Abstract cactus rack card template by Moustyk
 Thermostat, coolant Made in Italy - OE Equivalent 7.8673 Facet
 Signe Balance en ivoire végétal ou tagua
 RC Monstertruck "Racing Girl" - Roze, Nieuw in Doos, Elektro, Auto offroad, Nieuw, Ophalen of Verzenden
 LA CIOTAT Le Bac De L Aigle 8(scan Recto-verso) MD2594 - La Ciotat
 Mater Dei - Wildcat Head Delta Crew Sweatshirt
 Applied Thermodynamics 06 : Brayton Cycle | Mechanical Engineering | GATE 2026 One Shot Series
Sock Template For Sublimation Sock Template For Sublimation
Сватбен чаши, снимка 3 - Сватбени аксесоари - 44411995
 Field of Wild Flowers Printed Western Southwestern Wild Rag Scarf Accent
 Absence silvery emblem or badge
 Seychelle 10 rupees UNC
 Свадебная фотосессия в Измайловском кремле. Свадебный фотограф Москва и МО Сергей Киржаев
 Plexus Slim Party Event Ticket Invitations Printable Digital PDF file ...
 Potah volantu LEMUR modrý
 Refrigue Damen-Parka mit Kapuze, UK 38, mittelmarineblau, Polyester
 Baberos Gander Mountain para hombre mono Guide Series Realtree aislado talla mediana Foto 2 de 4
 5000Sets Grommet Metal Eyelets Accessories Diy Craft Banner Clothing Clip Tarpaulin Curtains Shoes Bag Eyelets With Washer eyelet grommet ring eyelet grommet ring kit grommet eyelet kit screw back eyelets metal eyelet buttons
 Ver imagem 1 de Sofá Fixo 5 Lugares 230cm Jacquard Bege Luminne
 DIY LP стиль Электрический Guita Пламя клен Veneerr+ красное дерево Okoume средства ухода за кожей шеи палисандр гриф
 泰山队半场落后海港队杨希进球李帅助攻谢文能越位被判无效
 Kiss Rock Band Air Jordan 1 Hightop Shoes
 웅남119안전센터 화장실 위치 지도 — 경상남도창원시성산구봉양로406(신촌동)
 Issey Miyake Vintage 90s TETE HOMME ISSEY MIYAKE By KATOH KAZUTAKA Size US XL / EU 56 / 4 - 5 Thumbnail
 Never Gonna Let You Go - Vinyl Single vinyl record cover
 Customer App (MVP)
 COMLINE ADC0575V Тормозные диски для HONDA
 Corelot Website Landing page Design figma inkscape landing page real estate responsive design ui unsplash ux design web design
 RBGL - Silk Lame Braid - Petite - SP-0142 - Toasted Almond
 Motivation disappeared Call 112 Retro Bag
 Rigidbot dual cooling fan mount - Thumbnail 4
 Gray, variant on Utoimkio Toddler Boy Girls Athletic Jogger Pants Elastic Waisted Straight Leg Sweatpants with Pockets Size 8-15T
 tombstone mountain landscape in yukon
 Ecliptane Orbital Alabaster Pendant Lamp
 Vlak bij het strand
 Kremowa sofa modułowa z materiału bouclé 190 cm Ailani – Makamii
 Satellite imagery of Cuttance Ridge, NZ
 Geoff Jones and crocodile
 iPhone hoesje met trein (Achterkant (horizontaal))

┄┄┄┄┄┄┄┄┄┄

Required action =>
All lines from the one with "Gray, variant on" through the end of the records need to be copied exactly, and no other lines.

Response to this exercise =>
 Gray, variant on Utoimkio Toddler Boy Girls Athletic Jogger Pants Elastic Waisted Straight Leg Sweatpants with Pockets Size 8-15T
 tombstone mountain landscape in yukon
 Ecliptane Orbital Alabaster Pendant Lamp
 Vlak bij het strand
 Kremowa sofa modułowa z materiału bouclé 190 cm Ailani – Makamii
 Satellite imagery of Cuttance Ridge, NZ
 Geoff Jones and crocodile
 iPhone hoesje met trein (Achterkant (horizontaal))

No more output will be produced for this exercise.